John,
I'm not entirely clear what the benefits of true "headlessness" are on the Windows platform. It seems to me that one can always make the Squeak window quite small (to use less Display memory), then minimize it so it is out of the way. That way, if there are any errors, one can re-size the window and debug the problem.
Not if you're going to install it on any jointly used machines. Think of a Swiki web server running as a service under NT.
Headless-ness seems to make a bit more sense on a Unix box. But there, again, one could open Squeak's display as a remote X window on some other machine, just as a debugging console.

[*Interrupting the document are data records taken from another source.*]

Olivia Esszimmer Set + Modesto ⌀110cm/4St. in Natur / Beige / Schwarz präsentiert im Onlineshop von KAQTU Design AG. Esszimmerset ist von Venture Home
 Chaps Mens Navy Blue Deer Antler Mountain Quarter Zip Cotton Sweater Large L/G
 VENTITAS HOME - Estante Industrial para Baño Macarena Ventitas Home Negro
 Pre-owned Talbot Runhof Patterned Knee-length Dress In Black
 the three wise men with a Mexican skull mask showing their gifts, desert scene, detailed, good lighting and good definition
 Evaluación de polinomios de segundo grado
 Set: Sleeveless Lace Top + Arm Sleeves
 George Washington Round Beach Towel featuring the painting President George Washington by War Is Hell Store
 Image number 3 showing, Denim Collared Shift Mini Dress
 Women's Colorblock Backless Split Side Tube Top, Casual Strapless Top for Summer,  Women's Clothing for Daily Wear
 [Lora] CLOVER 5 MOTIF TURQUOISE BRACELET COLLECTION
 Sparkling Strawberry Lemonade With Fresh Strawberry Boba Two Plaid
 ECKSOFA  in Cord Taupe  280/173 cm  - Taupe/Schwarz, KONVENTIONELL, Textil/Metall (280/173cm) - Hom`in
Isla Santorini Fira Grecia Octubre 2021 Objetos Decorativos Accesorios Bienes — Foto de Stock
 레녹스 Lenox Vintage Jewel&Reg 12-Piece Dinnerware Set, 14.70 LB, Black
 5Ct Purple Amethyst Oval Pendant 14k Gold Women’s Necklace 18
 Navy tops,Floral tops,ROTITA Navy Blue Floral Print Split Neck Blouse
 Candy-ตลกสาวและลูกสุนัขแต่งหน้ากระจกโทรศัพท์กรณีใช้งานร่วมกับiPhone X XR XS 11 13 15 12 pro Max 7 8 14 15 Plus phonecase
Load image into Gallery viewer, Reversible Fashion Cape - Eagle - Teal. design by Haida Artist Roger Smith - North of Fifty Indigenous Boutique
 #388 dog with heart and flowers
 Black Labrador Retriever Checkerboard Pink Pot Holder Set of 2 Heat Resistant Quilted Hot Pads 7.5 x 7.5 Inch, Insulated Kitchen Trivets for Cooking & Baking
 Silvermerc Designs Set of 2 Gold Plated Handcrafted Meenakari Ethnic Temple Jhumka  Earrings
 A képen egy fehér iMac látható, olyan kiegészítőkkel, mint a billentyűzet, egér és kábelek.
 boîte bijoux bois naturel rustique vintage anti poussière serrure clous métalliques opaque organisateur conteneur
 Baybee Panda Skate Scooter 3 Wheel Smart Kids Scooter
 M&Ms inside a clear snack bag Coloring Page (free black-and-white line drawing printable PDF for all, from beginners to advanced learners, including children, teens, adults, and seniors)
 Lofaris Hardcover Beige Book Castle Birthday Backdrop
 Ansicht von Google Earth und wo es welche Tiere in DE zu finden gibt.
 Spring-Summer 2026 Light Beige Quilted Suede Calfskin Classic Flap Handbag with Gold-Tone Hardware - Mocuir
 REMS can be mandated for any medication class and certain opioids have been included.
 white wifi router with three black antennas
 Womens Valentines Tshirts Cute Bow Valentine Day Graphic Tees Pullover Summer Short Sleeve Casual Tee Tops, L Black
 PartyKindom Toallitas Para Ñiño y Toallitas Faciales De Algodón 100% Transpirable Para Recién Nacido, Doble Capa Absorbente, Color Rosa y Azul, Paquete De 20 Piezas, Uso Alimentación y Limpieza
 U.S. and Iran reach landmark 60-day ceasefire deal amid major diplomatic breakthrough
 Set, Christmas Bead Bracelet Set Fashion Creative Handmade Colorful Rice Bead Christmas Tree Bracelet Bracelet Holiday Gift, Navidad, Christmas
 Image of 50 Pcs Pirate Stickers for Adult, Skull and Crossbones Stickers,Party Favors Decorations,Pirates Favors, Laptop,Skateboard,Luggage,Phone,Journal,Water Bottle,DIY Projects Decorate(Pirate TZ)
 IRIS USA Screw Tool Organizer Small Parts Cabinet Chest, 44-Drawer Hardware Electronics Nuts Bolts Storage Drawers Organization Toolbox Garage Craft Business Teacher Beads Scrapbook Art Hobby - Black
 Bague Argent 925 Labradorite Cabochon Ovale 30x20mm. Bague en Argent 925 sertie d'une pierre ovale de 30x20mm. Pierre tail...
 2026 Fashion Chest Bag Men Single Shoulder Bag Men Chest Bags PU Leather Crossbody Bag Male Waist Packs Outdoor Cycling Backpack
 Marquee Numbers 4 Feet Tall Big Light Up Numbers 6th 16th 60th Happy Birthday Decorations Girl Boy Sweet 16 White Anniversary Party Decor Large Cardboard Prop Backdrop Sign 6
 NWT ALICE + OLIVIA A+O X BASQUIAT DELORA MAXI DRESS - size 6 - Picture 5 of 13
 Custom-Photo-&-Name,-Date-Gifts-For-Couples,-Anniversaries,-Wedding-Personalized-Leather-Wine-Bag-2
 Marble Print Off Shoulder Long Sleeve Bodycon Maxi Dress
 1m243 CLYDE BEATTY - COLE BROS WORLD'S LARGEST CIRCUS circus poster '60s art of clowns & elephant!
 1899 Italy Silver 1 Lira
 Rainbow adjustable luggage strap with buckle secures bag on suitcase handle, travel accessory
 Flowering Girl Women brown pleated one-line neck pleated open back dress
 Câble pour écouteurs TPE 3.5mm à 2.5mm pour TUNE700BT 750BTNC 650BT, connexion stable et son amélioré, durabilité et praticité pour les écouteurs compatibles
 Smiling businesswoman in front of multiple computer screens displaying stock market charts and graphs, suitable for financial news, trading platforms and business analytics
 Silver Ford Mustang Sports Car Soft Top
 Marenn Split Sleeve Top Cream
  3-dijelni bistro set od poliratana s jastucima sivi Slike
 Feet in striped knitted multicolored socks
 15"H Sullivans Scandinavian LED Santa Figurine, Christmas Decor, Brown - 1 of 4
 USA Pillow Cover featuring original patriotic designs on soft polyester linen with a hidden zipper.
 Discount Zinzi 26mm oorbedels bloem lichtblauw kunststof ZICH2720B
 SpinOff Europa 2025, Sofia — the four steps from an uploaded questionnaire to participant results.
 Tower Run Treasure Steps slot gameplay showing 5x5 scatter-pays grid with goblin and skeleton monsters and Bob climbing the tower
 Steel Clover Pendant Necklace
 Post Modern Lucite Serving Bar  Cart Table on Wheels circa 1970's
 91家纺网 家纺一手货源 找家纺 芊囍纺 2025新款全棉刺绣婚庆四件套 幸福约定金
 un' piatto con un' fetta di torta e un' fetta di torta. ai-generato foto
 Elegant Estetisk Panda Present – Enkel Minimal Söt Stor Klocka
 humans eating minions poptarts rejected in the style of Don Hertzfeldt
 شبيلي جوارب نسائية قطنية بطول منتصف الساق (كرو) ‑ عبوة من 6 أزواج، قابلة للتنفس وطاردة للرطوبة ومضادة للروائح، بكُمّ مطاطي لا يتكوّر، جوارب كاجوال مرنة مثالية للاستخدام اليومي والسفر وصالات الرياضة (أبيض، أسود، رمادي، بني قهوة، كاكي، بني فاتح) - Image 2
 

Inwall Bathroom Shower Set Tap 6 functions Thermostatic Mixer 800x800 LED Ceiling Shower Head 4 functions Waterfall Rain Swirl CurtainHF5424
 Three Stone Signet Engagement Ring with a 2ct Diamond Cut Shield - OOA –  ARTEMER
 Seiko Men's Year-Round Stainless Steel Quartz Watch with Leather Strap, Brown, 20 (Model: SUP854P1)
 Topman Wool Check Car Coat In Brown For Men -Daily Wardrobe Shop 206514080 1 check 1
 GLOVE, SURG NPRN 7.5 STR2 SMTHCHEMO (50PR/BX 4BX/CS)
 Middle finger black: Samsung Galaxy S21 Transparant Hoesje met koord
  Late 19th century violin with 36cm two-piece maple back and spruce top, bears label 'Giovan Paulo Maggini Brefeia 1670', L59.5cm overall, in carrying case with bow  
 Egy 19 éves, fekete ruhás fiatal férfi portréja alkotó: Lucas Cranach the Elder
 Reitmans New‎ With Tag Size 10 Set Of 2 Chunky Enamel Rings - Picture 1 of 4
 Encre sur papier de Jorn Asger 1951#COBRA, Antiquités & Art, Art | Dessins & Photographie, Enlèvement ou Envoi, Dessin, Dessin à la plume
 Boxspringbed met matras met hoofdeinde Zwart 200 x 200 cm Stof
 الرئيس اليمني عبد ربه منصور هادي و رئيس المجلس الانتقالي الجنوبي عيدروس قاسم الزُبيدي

Yeah, this would be cool. Install a Swiki demon, telnet on a special port and run your debugging session remote without even letting others know that something happens right now. WHOW!
Andreas
Andreas Raab wrote:
John,
I'm not entirely clear what the benefits of true "headlessness" are on the Windows platform. It seems to me that one can always make the Squeak window quite small (to use less Display memory), then minimize it so it is out of the way. That way, if there are any errors, one can re-size the window and debug the problem.
Not if you're going to install it on any jointly used machines. Think of a Swiki web server running as a service under NT.
Headless-ness seems to make a bit more sense on a Unix box. But there, again, one could open Squeak's display as a remote X window on some other machine, just as a debugging console.
Yeah, this would be cool. Install a Swiki demon, telnet on a special port and run your debugging session remote without even letting others know that something happens right now. WHOW!
Andreas
Basically right. One benefit of true headlessness under UNIX (or NT maybe) is the ability to run on a machine with no window, not having to export the window. In some cases exporting the window becomes a security risk or an extra headache you don't need (if you are trying to start your web server over a text only slow phone connection for example)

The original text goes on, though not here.